La mano le tembló ligeramente sobre la empuñadura de la espada de Dom Esteban. Bueno, estaba tan bien preparado para esa lucha como cualquier hombre podría estarlo; con el entrenamiento de la Torre, era tan fuerte que Leonie le había comentado que de haber nacido mujer habría sido Celadora. Y en cuanto al resto... bien, iba en defensa de su pariente, tomando sobre sí la obligación de su padre político, y por lo tanto protegía el honor de la familia de su futura esposa.

En cuanto a la virginidad
, pensó Damon con ironía,
hace tiempo que la perdí, pero soy tan casto como puede serlo un varón adulto de mi edad. Ni siquiera me acosté con Ellemir, aunque Evanda y su justicia saben que me hubiera gustado.
Recitó para sus adentros el Credo de Castidad que le enseñaron de niño en el monasterio de Nevarsin, en donde lo habían educado como a tantos otros hijos de los Siete Dominios. Los hombres que trabajaban en los círculos de las Torres se adherían a ese credo: nunca tocar a una mujer que no lo deseara, nunca mirar con ojos lascivos a los niños o a las mujeres que han hecho voto, nunca comprometerse con las que pertenecen a la comunidad.

Bien, lo aprendí tan profundamente en la Torre que nunca lo he olvidado, y eso me da más seguridad para actuar como Celadora... bien, mejor para mí y peor para los hombres-gato. ¡Que Zandru se los lleve a su infierno más frío!

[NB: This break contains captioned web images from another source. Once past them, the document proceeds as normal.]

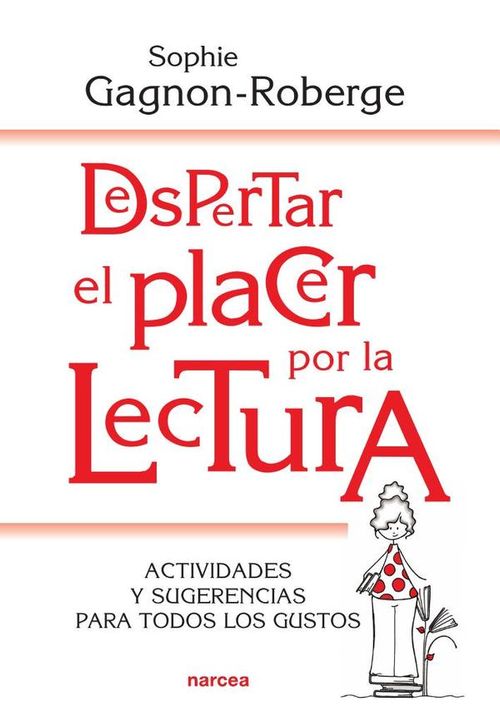 Despertar el placer por la lectura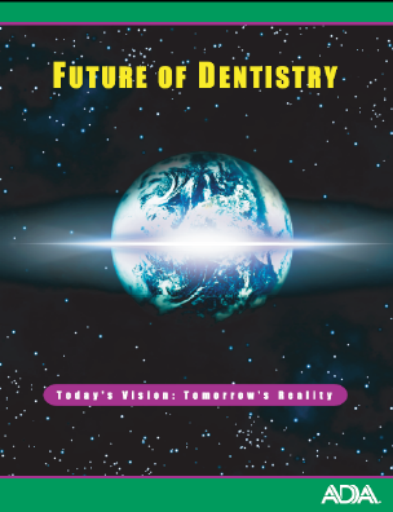 ADA.org%3A+Future+of+Dentistry+Full+Report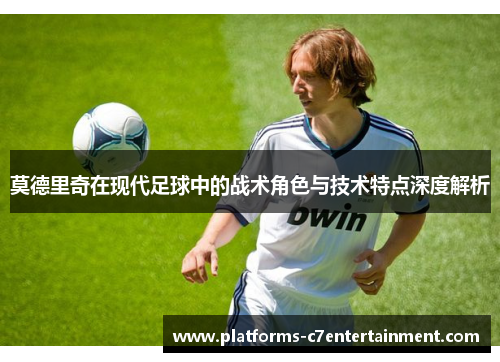 莫德里奇在现代足球中的战术角色与技术特点深度解析 莫德里奇在现代足球中的战术角色与技术特点深度解析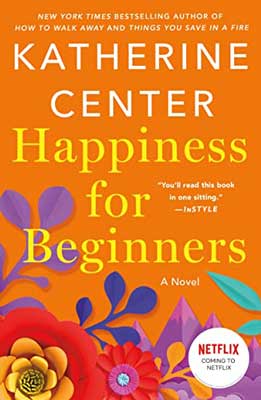 Happiness For Beginners by Katherine Center book cover with colorful flowers and orange background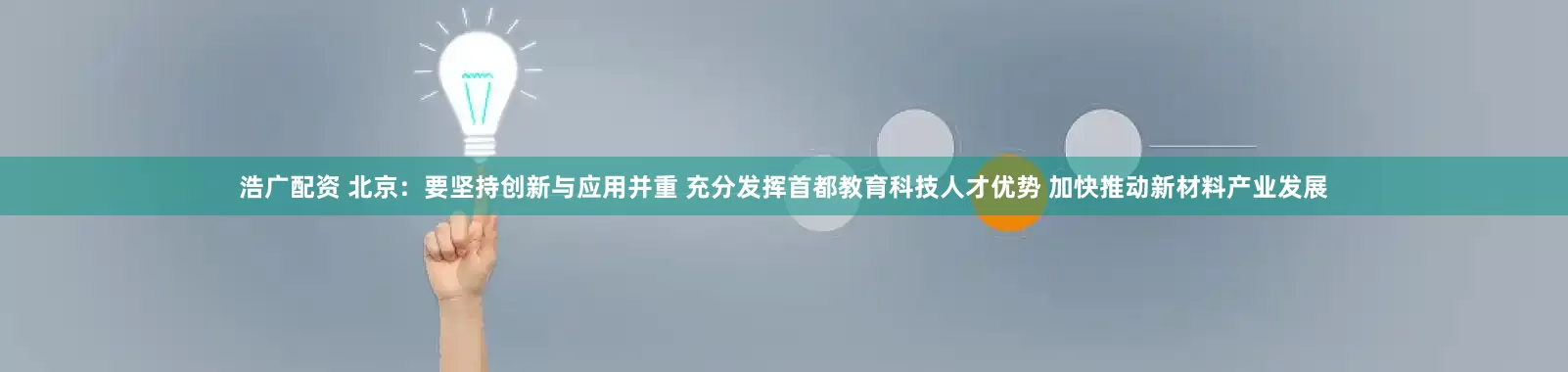 浩广配资 北京：要坚持创新与应用并重 充分发挥首都教育科技人才优势 加快推动新材料产业发展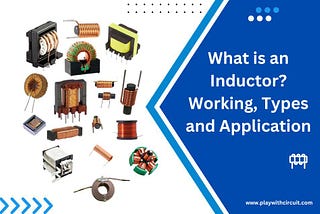 What is an Inductor? Working, Types, and Applications
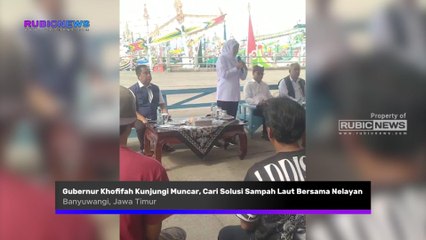 Datang ke Muncar, Gubernur Jatim Khofifah Indar Parawansa Dengarkan Keluhan Nelayan Terkait Masalah Sampah yang Kotori Laut Ini Solusi yang Diberikan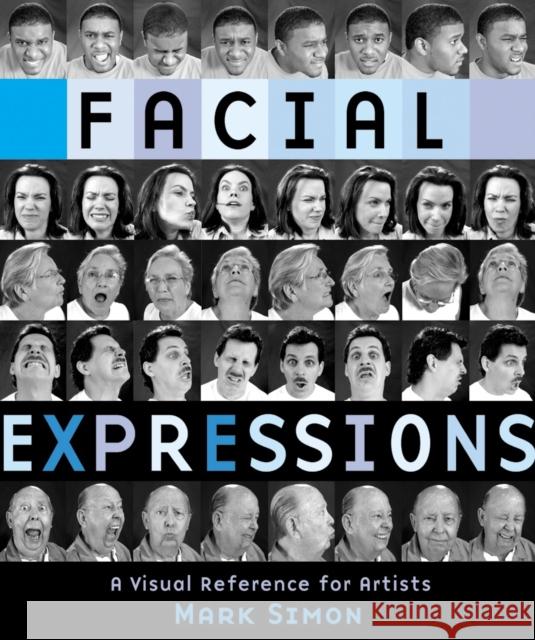 Facial Expressions M Simon 9780823016716 Watson-Guptill Publications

Volvió a su cuerpo, abrió los ojos y observó el terreno que se extendía ante ellos. Entonces, con cuidado y lentamente, volvió a elevar su conciencia, dejando que su habituado cuerpo siguiera el movimiento del caballo. Usó los ojos, abiertos y vigilantes, para lanzarse sobre el paisaje físico, bajo la oscura niebla.